YOUR GOAL:
When writing out the entries below, keep only the lines from the line with "Emily Clare IOD" to the line with "Indian Recipe, Vegetarian, Vegan, Home", both included, exactly as they are, and leave the pictures aside.

(Image-text web data)
-- Opening Marker --

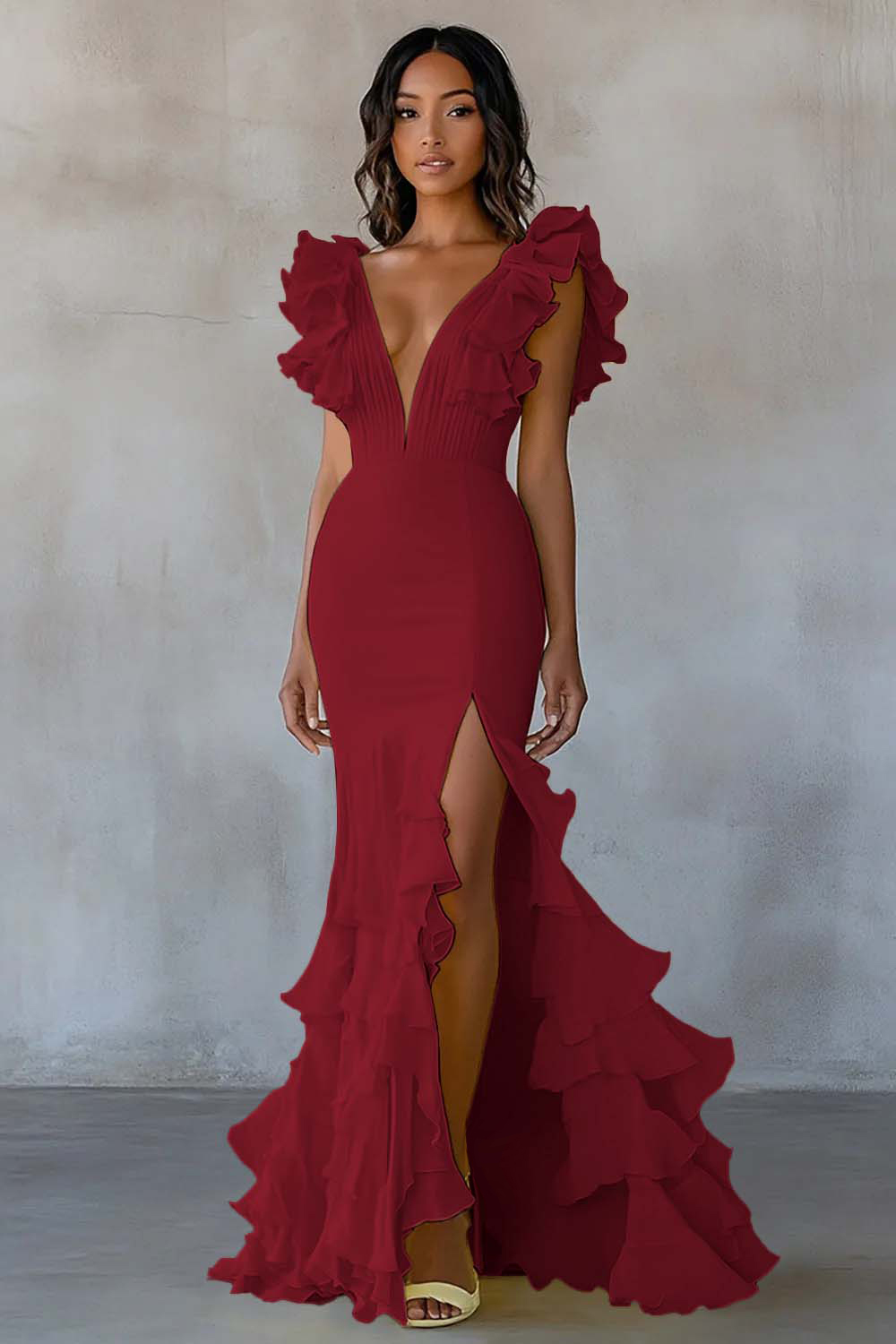 Yellow Chiffon V Neck Mermaid Ruffled Maxi Formal Dress with Slit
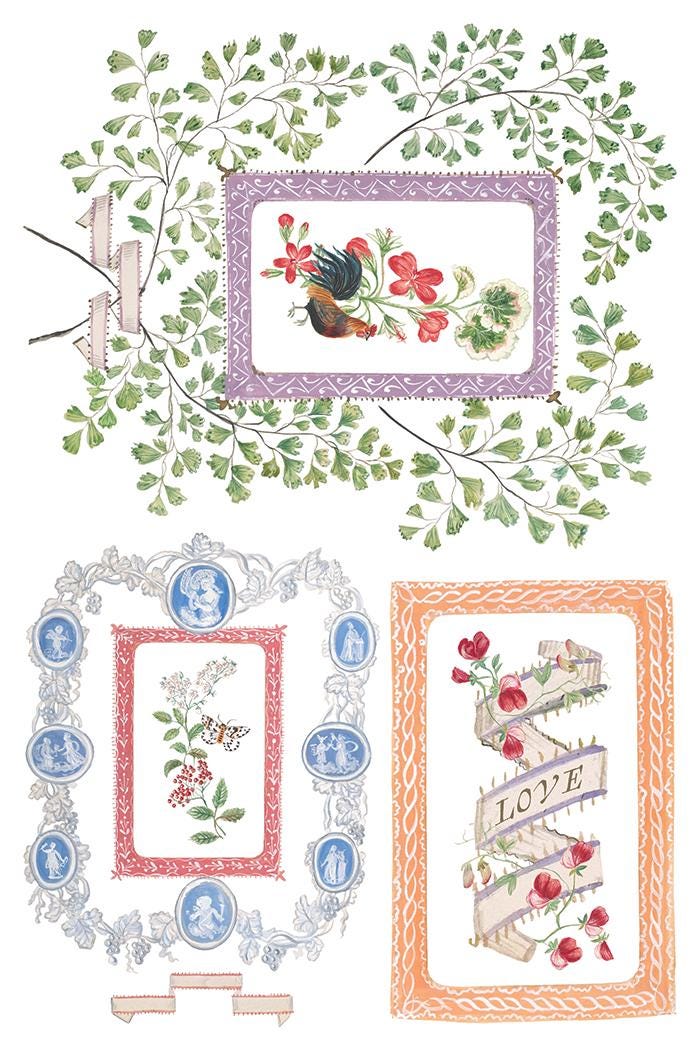 Emily Clare IOD Transfer Pad with (8) 8 x 12 Sheets by Iron Orchid Designs Rub-On Furniture Transfer Decal - New Release
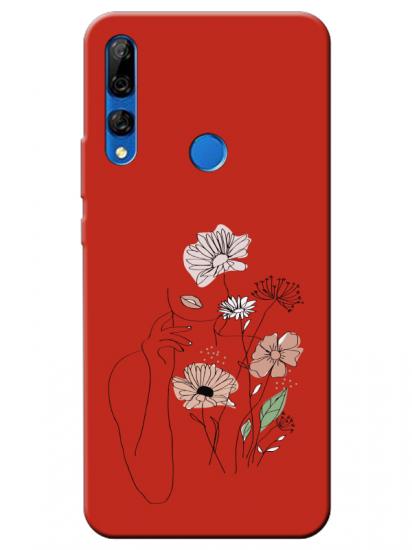 Huawei Y9 Prime 2019 Kadın Çiçek Kırmızı Telefon Kılıfı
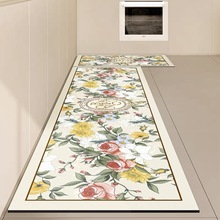 家用可擦洗皮革地毯美式风格厨房防水防油防滑耐脏地垫门口脚垫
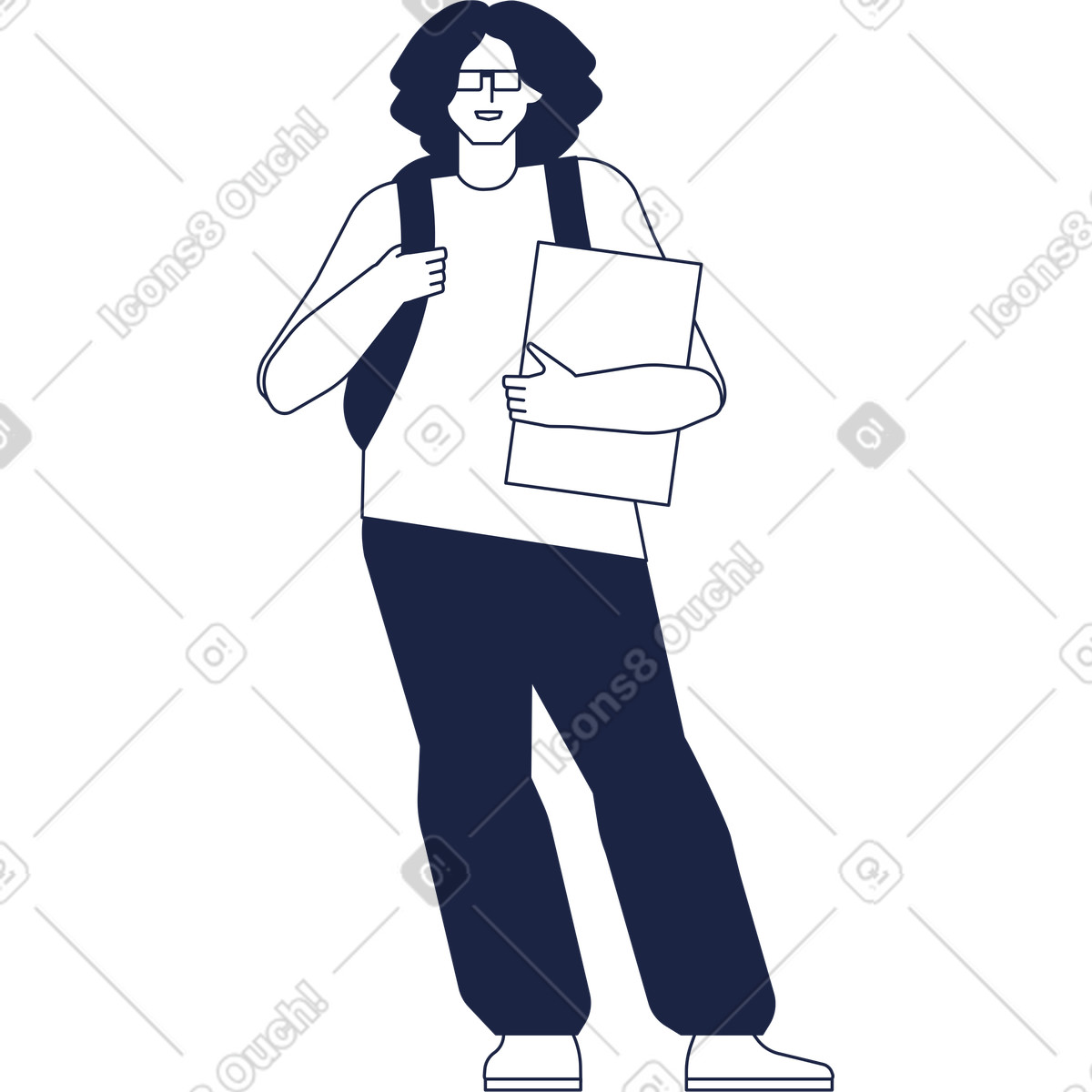 Ilustración Chica estudiante con carpeta de mochila en sus manos estilo Urban Line a descargar PNG y SVG
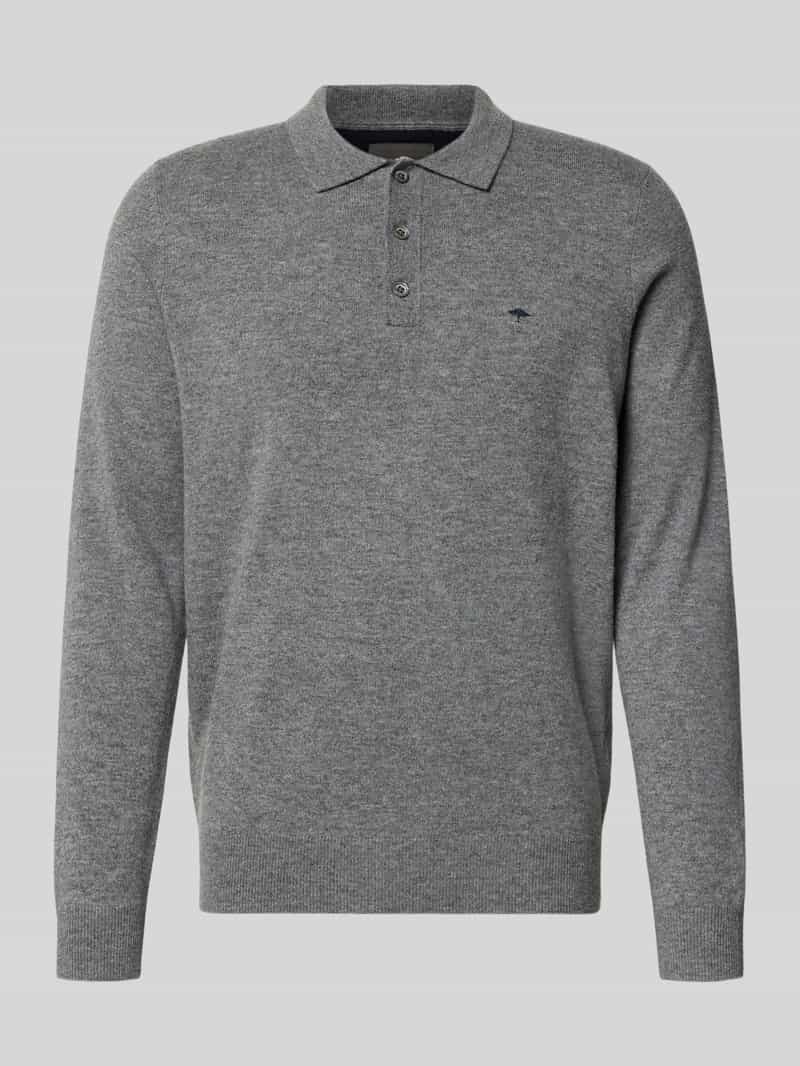 Koszulka polo z mieszanki wełny merino i kaszmiru z wyhaftowanym logo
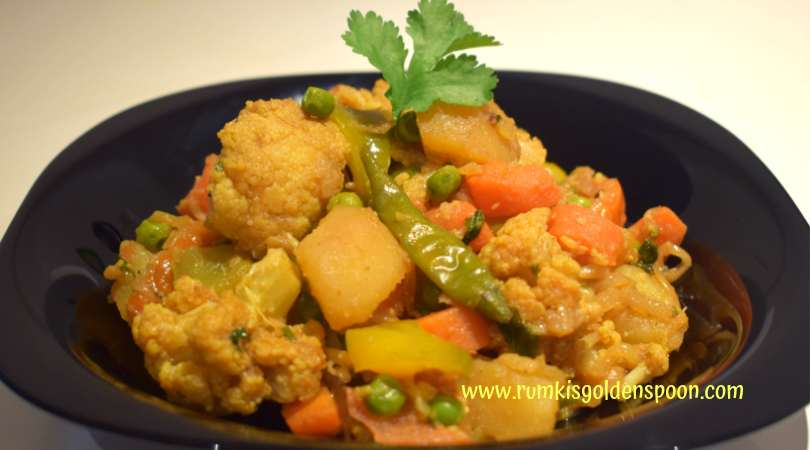 Indian Recipe, Vegetarian, Vegan, Home Style Spicy Mixed Vegetable (Dry Curry), Sookhi Sabji, Rumki's Golden Spoon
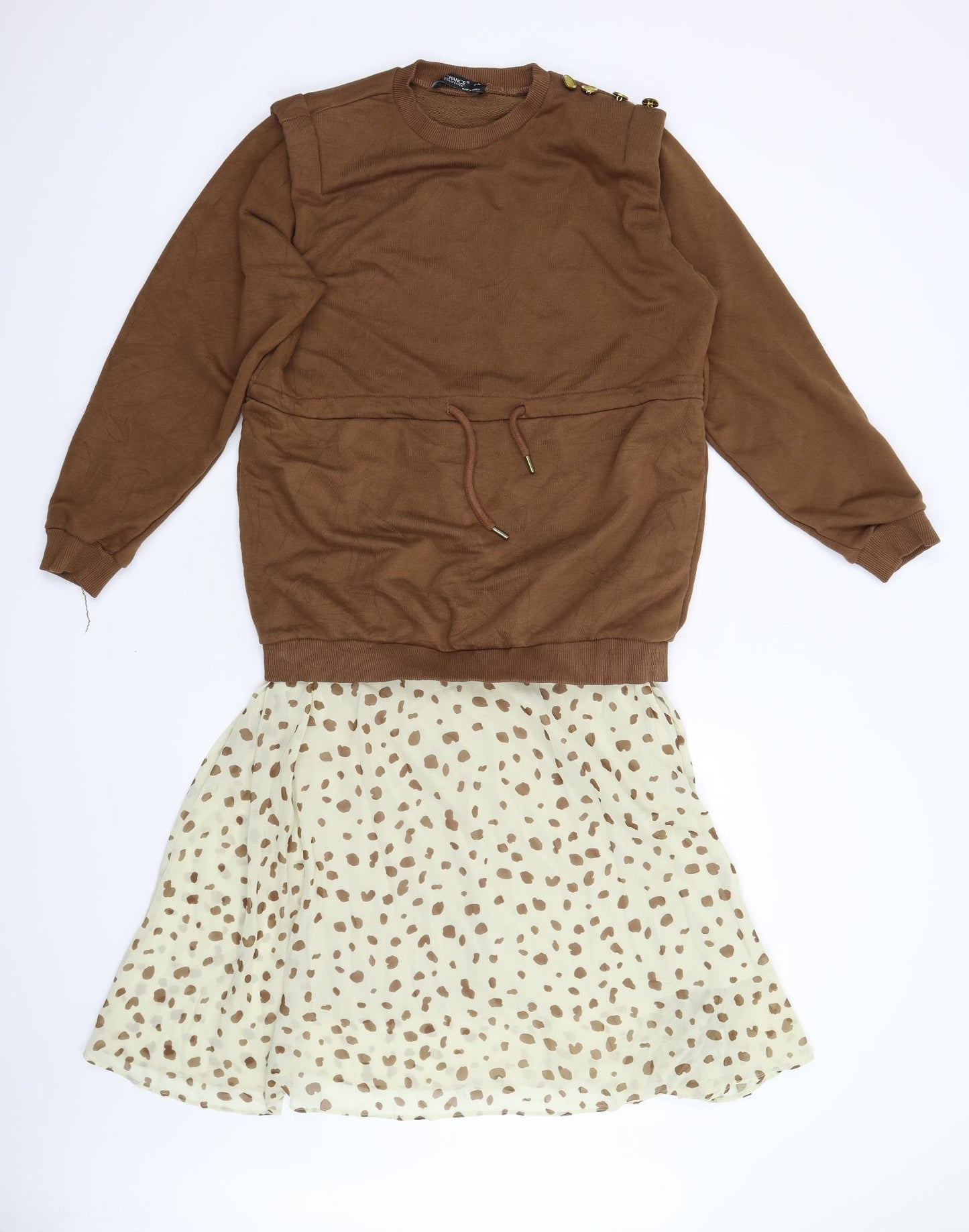 First Chance Womens Brown Polka Dot Rayon Jumper Dress  Size M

-- Closing Marker --

ANSWER SECTION:
 Emily Clare IOD Transfer Pad with (8) 8 x 12 Sheets by Iron Orchid Designs Rub-On Furniture Transfer Decal - New Release
 Huawei Y9 Prime 2019 Kadın Çiçek Kırmızı Telefon Kılıfı
 家用可擦洗皮革地毯美式风格厨房防水防油防滑耐脏地垫门口脚垫
 Ilustración Chica estudiante con carpeta de mochila en sus manos estilo Urban Line a descargar PNG y SVG
 Koszulka polo z mieszanki wełny merino i kaszmiru z wyhaftowanym logo
 Indian Recipe, Vegetarian, Vegan, Home Style Spicy Mixed Vegetable (Dry Curry), Sookhi Sabji, Rumki's Golden Spoon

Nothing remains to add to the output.